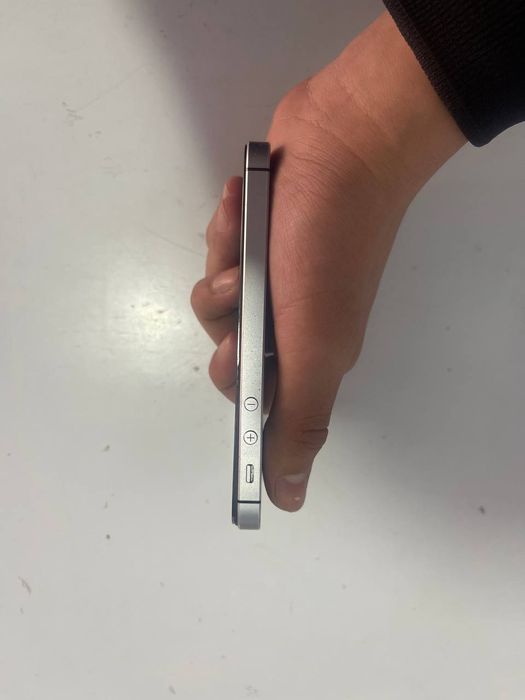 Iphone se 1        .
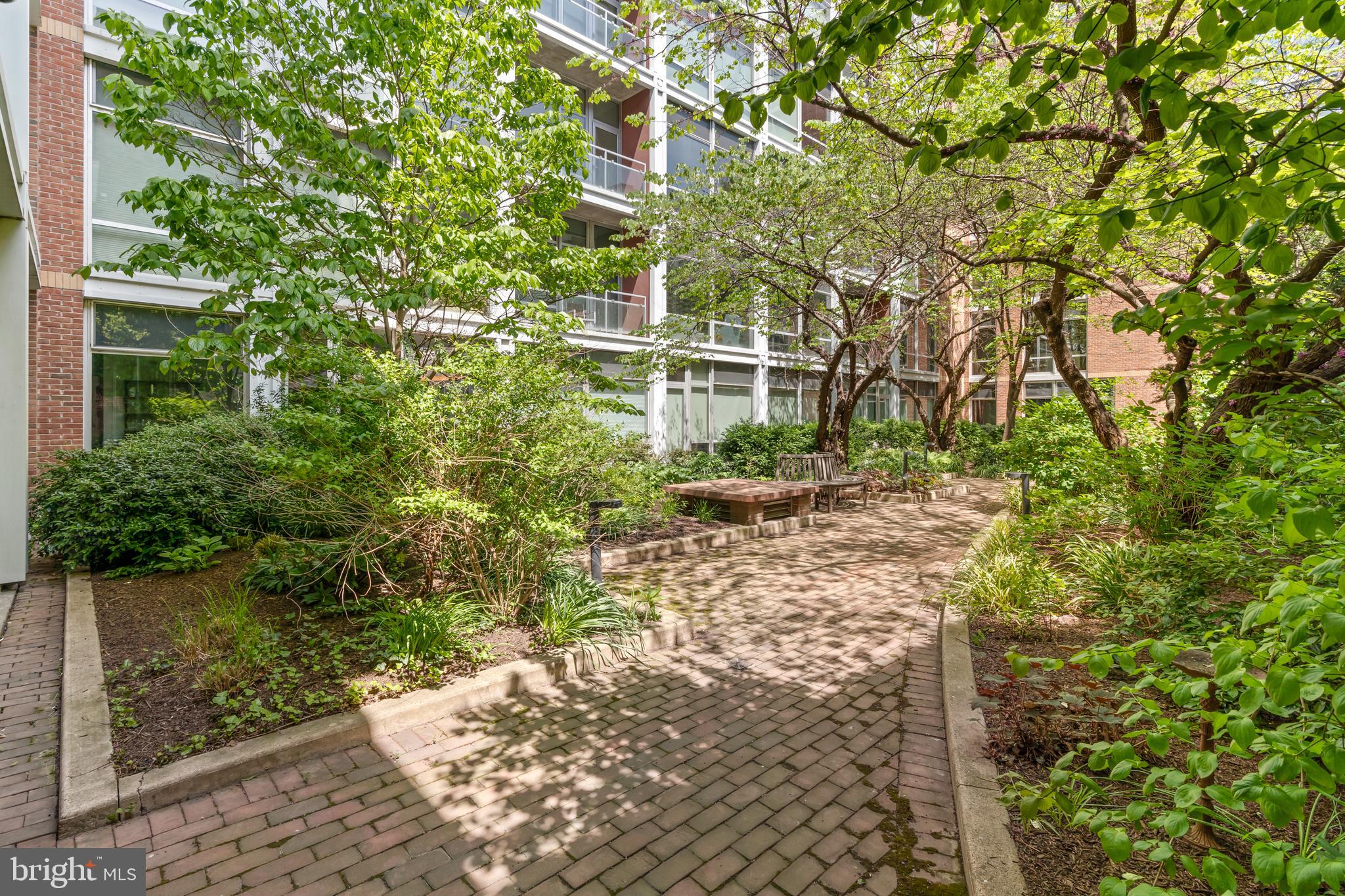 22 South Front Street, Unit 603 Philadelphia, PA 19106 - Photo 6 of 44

* * *

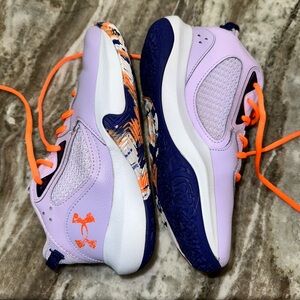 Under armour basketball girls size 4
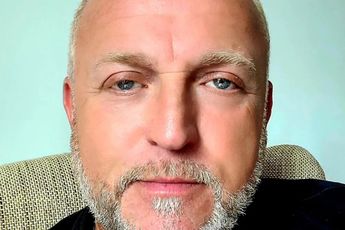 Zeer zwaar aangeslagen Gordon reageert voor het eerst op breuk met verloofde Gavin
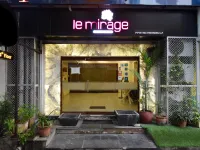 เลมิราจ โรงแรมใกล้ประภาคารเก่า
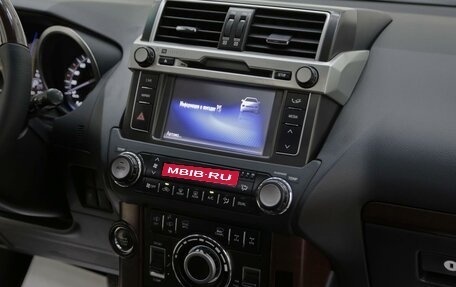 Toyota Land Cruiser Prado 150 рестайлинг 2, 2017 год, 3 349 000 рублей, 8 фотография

* Activity *
Set down exactly the lines above, from the line containing "Iphone se 1" through the line containing "22 South Front". Skip the pictures.

* Task answer *
 Iphone se 1        .
 22 South Front Street, Unit 603 Philadelphia, PA 19106 - Photo 6 of 44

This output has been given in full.